▶ EXERCISE INSTRUCTIONS:
Return an exact copy of the lines from the one holding "Load image into" to the end of the data, including both the starting and final lines. Leave the pictures out.

── GIVEN INFORMATION ──

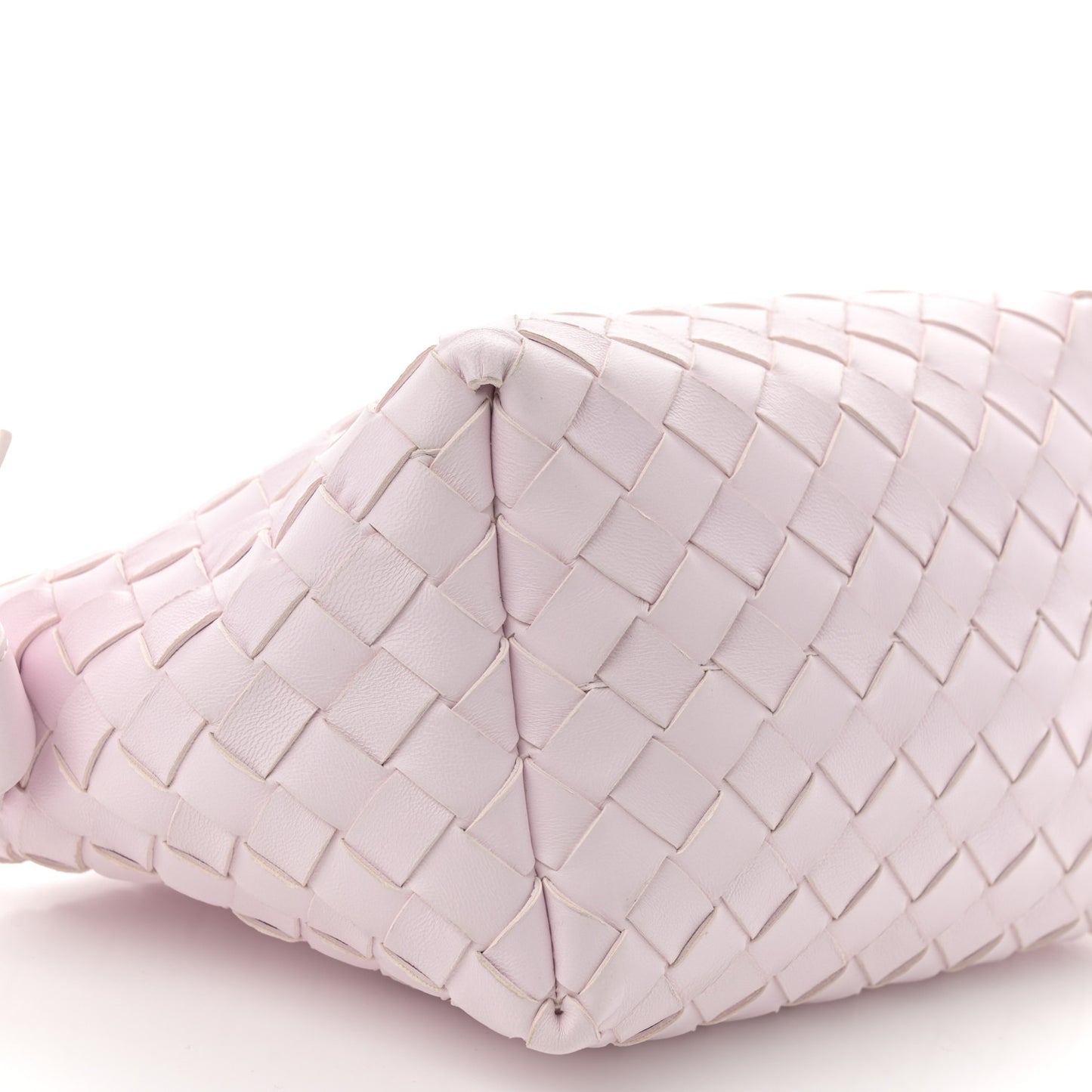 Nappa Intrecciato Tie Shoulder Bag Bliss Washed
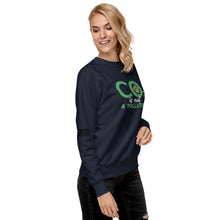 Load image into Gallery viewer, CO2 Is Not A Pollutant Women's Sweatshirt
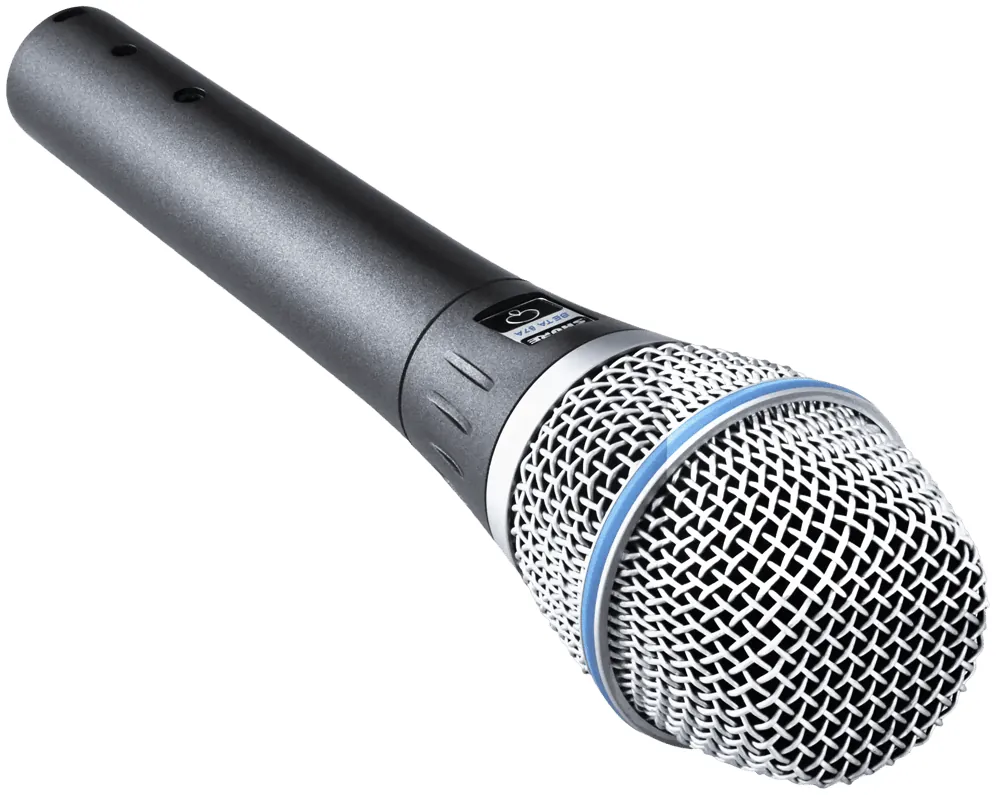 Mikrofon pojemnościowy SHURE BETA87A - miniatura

───

▶ OUTPUT FOR THIS TASK:
 Load image into Gallery viewer, CO2 Is Not A Pollutant Women's Sweatshirt
 Mikrofon pojemnościowy SHURE BETA87A - miniatura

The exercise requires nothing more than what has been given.